(DATA PROVIDED)

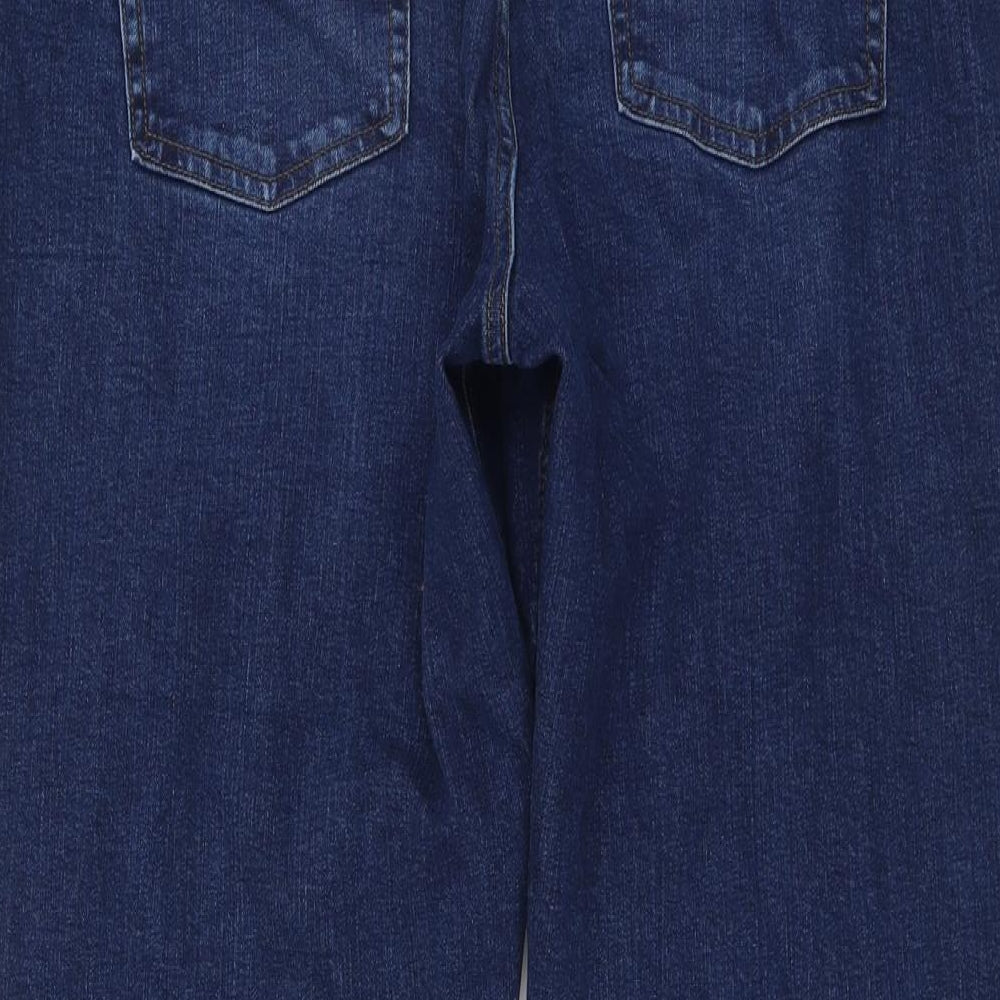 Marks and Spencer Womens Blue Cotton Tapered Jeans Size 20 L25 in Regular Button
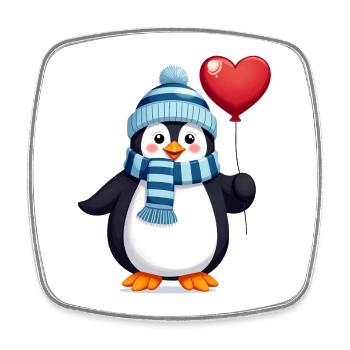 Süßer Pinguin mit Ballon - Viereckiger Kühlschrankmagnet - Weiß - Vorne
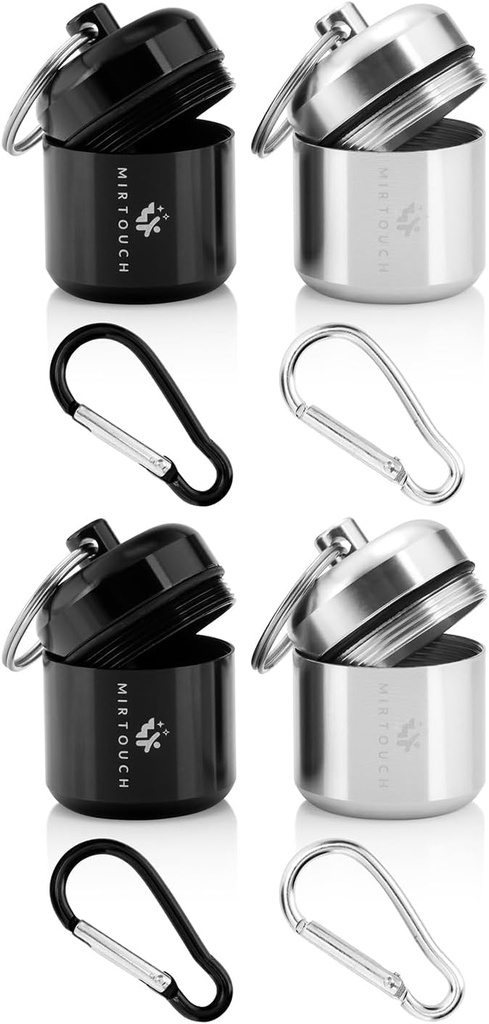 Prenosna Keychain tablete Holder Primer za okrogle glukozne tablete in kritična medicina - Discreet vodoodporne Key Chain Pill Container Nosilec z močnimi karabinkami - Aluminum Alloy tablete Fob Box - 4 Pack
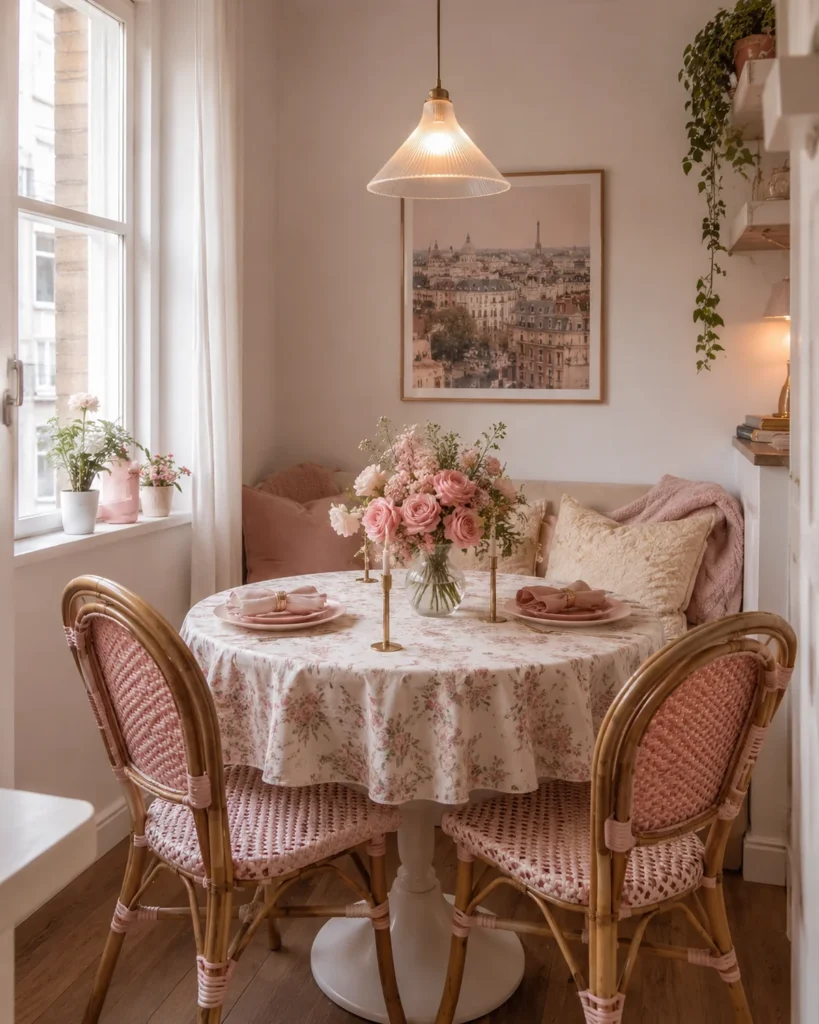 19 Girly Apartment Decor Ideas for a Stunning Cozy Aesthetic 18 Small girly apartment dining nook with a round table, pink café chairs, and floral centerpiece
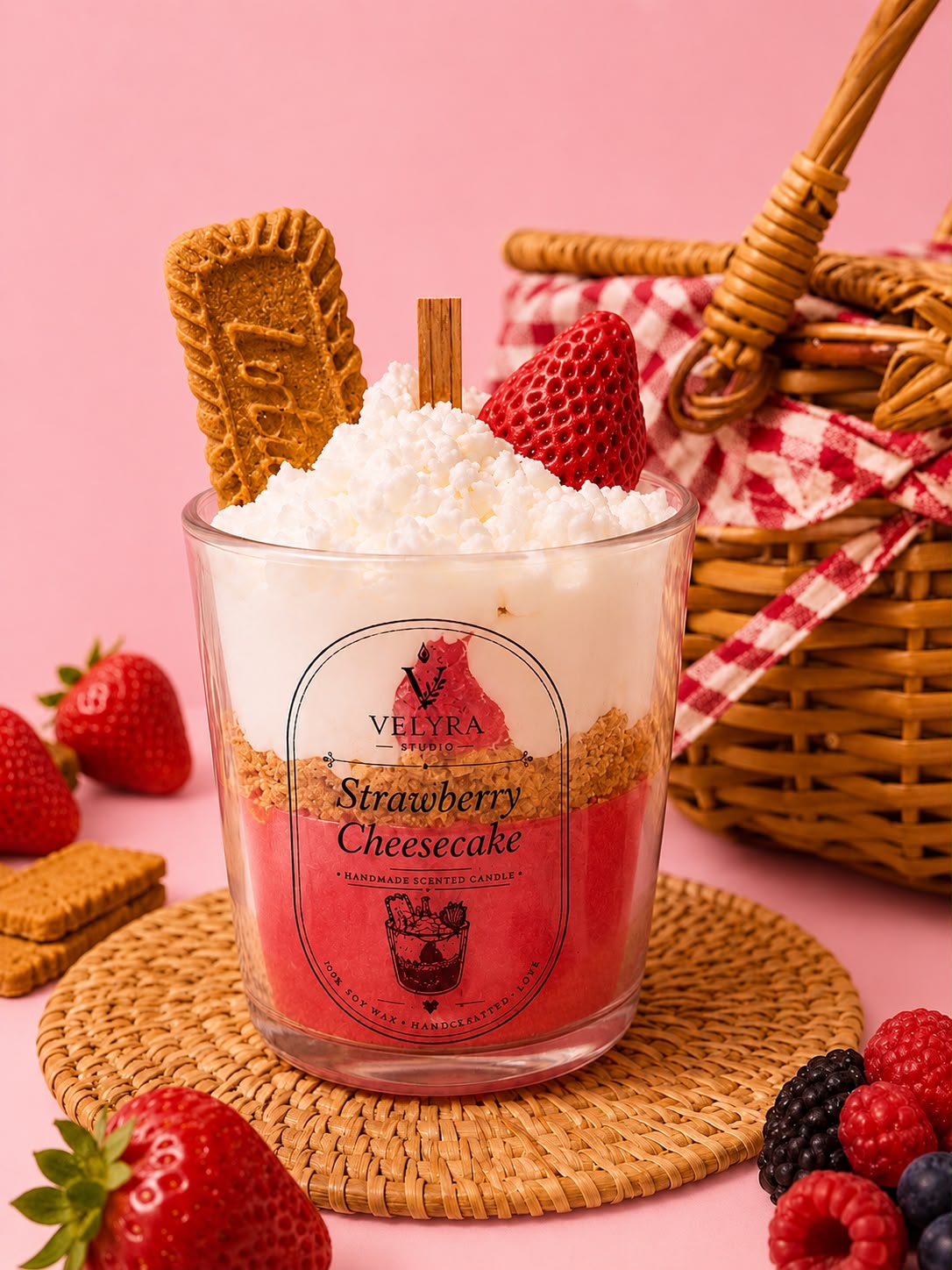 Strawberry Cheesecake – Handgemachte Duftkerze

(End DATA PROVIDED)
(DATA PROVIDED)

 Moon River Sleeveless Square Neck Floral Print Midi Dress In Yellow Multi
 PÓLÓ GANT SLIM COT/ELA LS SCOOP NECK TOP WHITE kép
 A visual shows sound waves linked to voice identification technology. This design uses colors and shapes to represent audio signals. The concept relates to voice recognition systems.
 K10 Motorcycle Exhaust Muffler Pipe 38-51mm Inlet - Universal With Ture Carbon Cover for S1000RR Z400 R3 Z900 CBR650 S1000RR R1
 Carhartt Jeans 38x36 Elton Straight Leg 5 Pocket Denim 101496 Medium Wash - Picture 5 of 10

(End DATA PROVIDED)
(DATA PROVIDED)

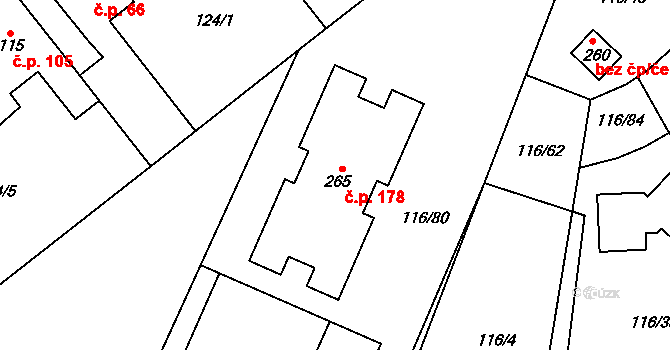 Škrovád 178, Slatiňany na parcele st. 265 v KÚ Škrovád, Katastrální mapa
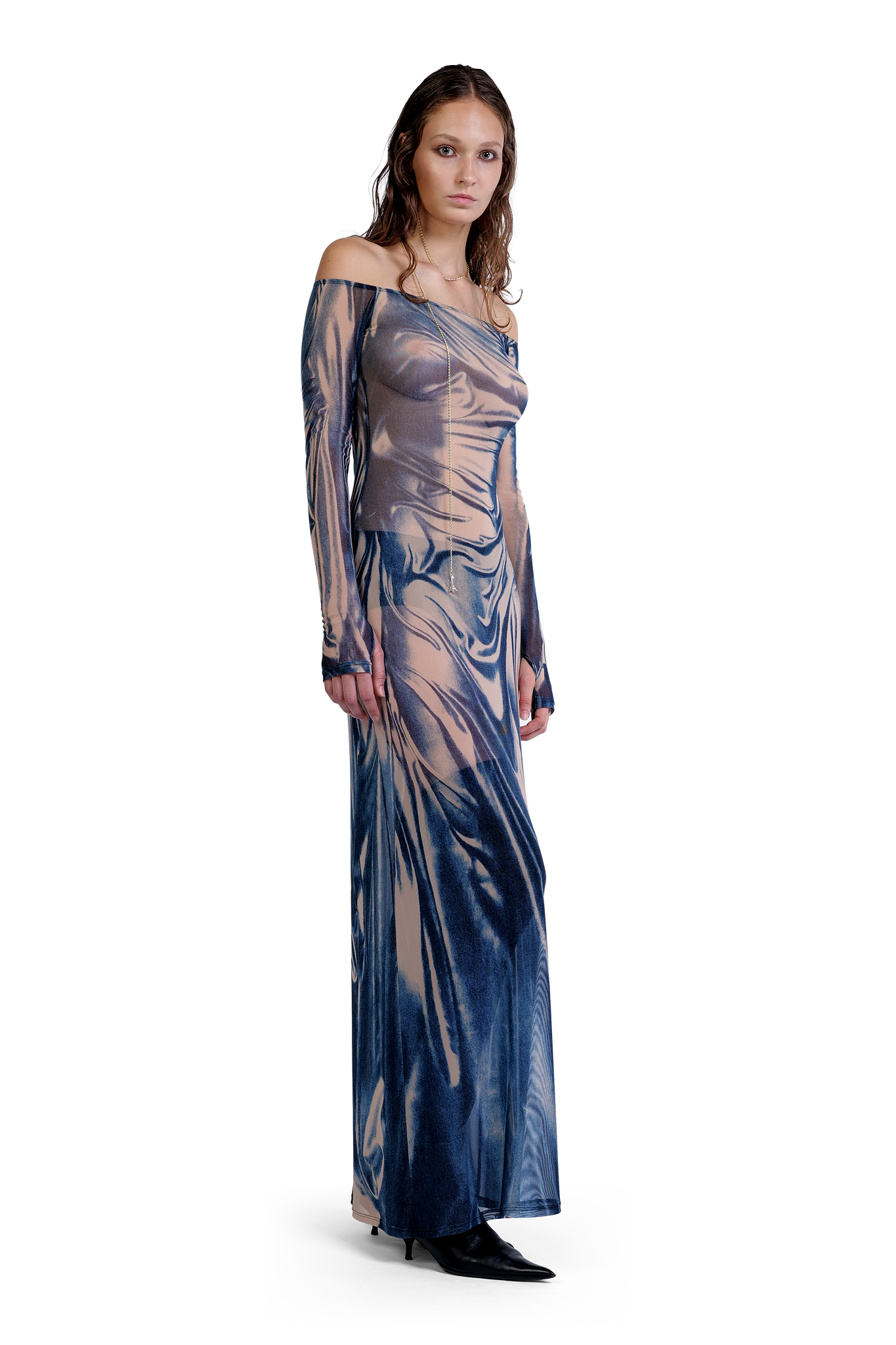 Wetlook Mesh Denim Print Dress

(End DATA PROVIDED)

■ **INSTRUCTIONS FOR THE TASK**
The stretch of entries above that starts with the line containing "Moon River Sleeveless" and goes on through the line containing "K10 Motorcycle Exhaust" is to be transcribed exactly, and no other line is to be transcribed.

■ **WRITTEN SOLUTION**
 Moon River Sleeveless Square Neck Floral Print Midi Dress In Yellow Multi
 PÓLÓ GANT SLIM COT/ELA LS SCOOP NECK TOP WHITE kép
 A visual shows sound waves linked to voice identification technology. This design uses colors and shapes to represent audio signals. The concept relates to voice recognition systems.
 K10 Motorcycle Exhaust Muffler Pipe 38-51mm Inlet - Universal With Ture Carbon Cover for S1000RR Z400 R3 Z900 CBR650 S1000RR R1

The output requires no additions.